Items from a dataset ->
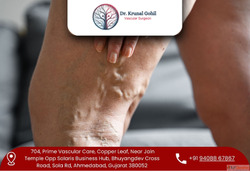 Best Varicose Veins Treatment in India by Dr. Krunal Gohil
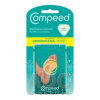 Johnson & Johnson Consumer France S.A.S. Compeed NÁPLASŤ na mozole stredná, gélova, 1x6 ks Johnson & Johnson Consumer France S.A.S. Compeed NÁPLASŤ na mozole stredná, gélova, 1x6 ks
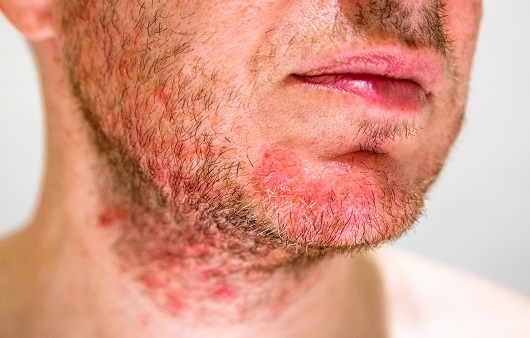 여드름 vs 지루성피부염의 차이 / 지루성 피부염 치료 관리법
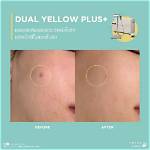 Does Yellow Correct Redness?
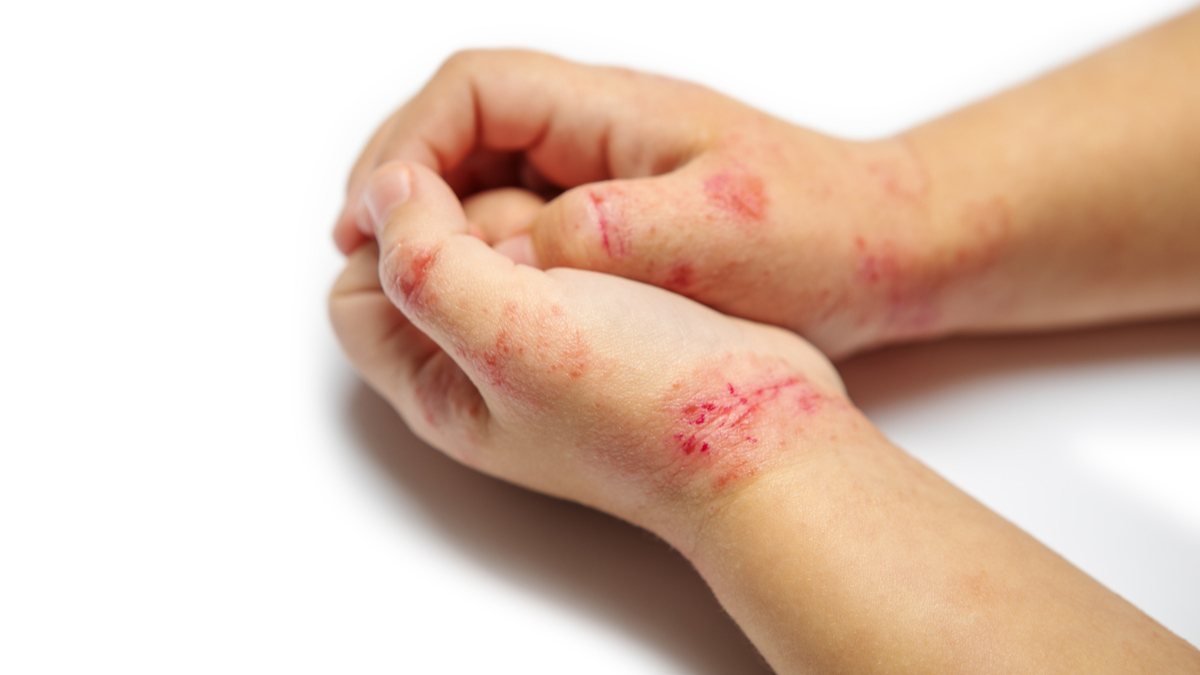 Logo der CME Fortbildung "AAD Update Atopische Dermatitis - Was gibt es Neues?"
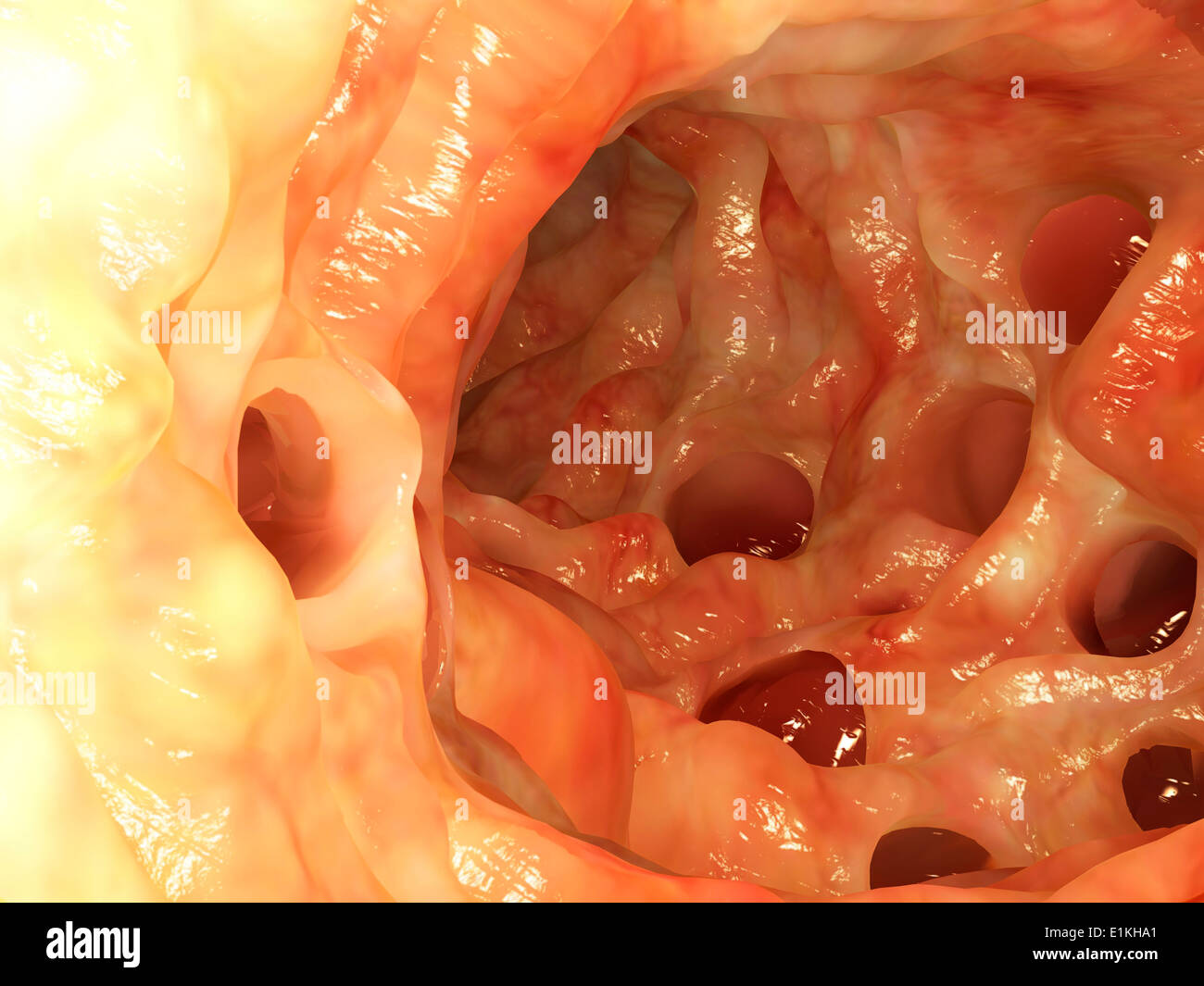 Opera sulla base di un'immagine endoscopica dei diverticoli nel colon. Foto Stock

TASK TO CARRY OUT -> Your answer should be an exact copy of the records above, with no pictures in it.

EXERCISE RESULT ->
 Best Varicose Veins Treatment in India by Dr. Krunal Gohil
 Johnson & Johnson Consumer France S.A.S. Compeed NÁPLASŤ na mozole stredná, gélova, 1x6 ks Johnson & Johnson Consumer France S.A.S. Compeed NÁPLASŤ na mozole stredná, gélova, 1x6 ks
 여드름 vs 지루성피부염의 차이 / 지루성 피부염 치료 관리법
 Does Yellow Correct Redness?
 Logo der CME Fortbildung "AAD Update Atopische Dermatitis - Was gibt es Neues?"
 Opera sulla base di un'immagine endoscopica dei diverticoli nel colon. Foto Stock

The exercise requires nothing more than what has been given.